Actually flow pushed me really hard to get to some good looking code like this. The only thing I did, was adding the three types HotelType, RegionType and CityType. It took me a couple of tries to get the increments as small as I like to have them in order to create useful commits, that one can learn from and understand what is going on. If you are interested in the progress feel free to read the commits in this branch.

You want to try this and maybe practice this as a kata with your team? Feel free to find some minimal instructions in the README of the repo on gitlab.

Types don’t make Tests obsolete!

One learning besides a lot of in depth flow knowledge and exhaustiveness checks was that I learned that types DO NOT make tests obsolete.

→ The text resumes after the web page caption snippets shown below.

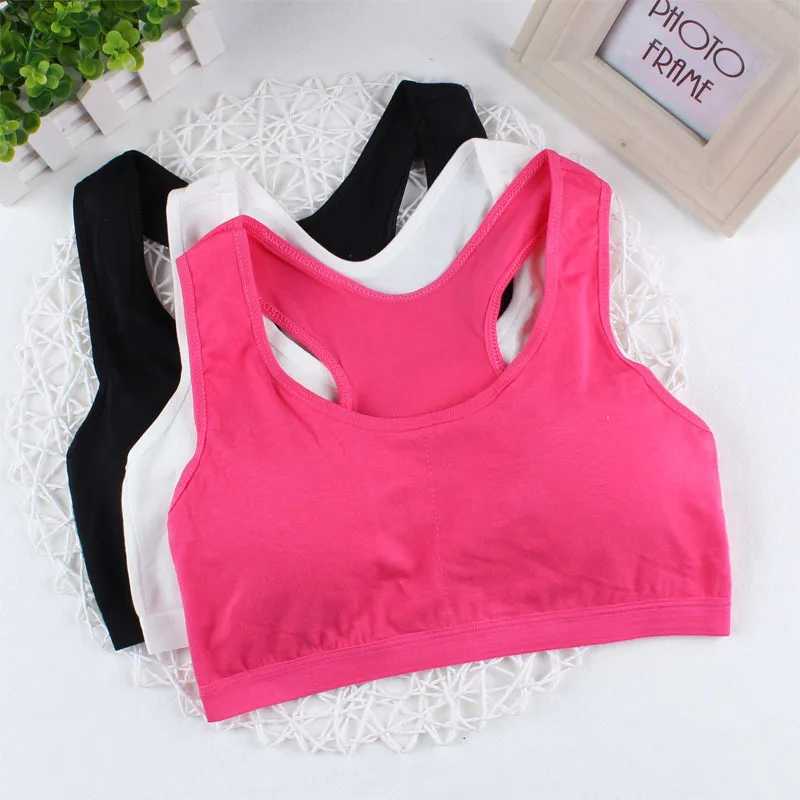 Camisole Camisole Teen Training Bra Girl Vest Cotton Spandex Sport Tops Adolescente s Underwear 9-14Year Wireless Girls Bandeau Top WX5.31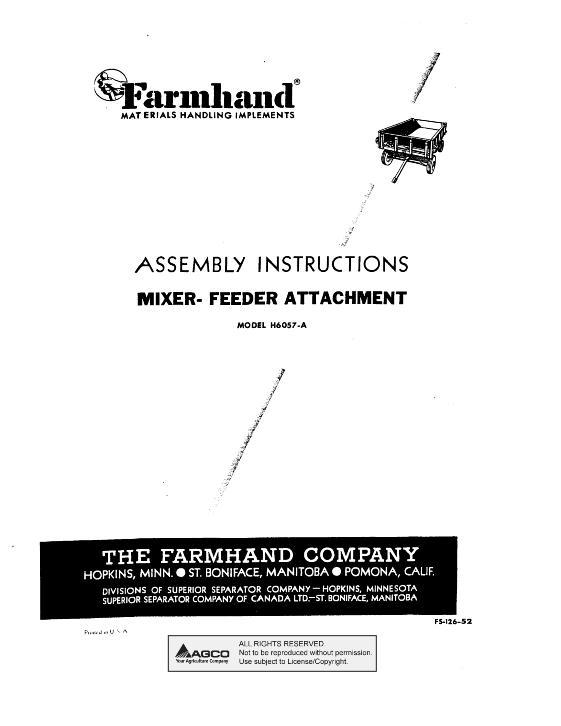 AGCO H6057-A Mixer Feeder (attachment, 1952) Operator Manual FS12652 English 1 AGCO H6057-A Mixer Feeder (attachment, 1952) Operator Manual FS12652 English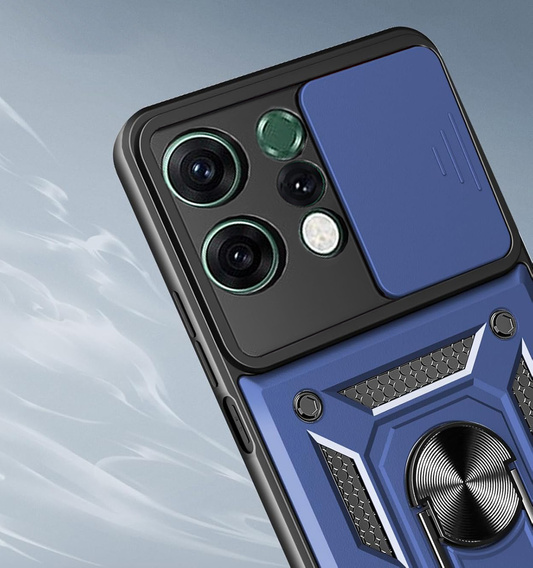 Páncélozott tok Oppo Reno 14 készülékhez, kameravédelemmel, állvánnyal, kék színű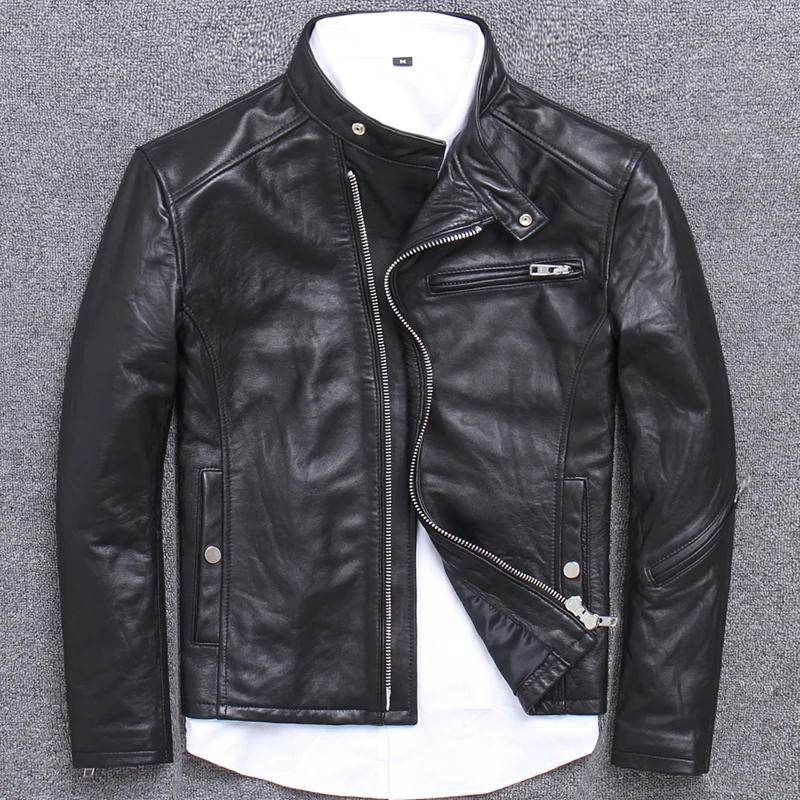 

2020 New Real Genuine Leather Jacket Men 100% Sheepskin Coat Vintage Short Biker Motorcycle Jacket Men Chaqueta Cuero Hombre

The tests I had written for this task had focused on the use case, some might call them acceptance tests, I don’t care about the name now. Adding the types on top of the non-typed JS solution didn’t have any impact on my tests. I have to say, I refactored the tests already quite a bit upfront. But that was basically in order for the audience to easier match the tests to the use case. Which is always a good thing, anyways. The types basically just had impact on the code where those three types were either built or where they were consumed. The builder.js file contains all the construction and the search.js contains all the consumer logic.

Cleaner Code by applying flow

And those two know about the different types. So those two files got pushed to change by applying types. The builder.js which uses the builder pattern was pushed to use generic type annotations and the search.js was pushed to handle the cases for each type separatly. And not use ugly obj.property && <do something> checks, that are very common in JS.

Another learning was that it is now easy to remove nullables. In this commit I first had to add a null check, which later, by making the type not-nullable I removed again.

Adding types makes you think of things that feel artificial to think of when doing pure JavaScript. If you come from a typed environment you might be thinking like that more often already, but in the JS world I don’t see this a lot. The pleasures and shortcut the language offer are often thankfully used without thinking deeper of consequences.

.oO(Writing this here, I see that I should restructure my talk to carve out those learnings a bit more.)

Conclusion

After all: this year’s EnterJS was a great learning experience for me again. This year it pushed me deeper into the typing space, which I am thankful for. Especially Vladimir Kurchatkin and Adam Solove’s help really pushed me further than I had thought, thanks! Thanks also Tobias for passing me the link to Adam’s article.

Maybe see you next year at EnterJS, or maybe the Clean Code Days.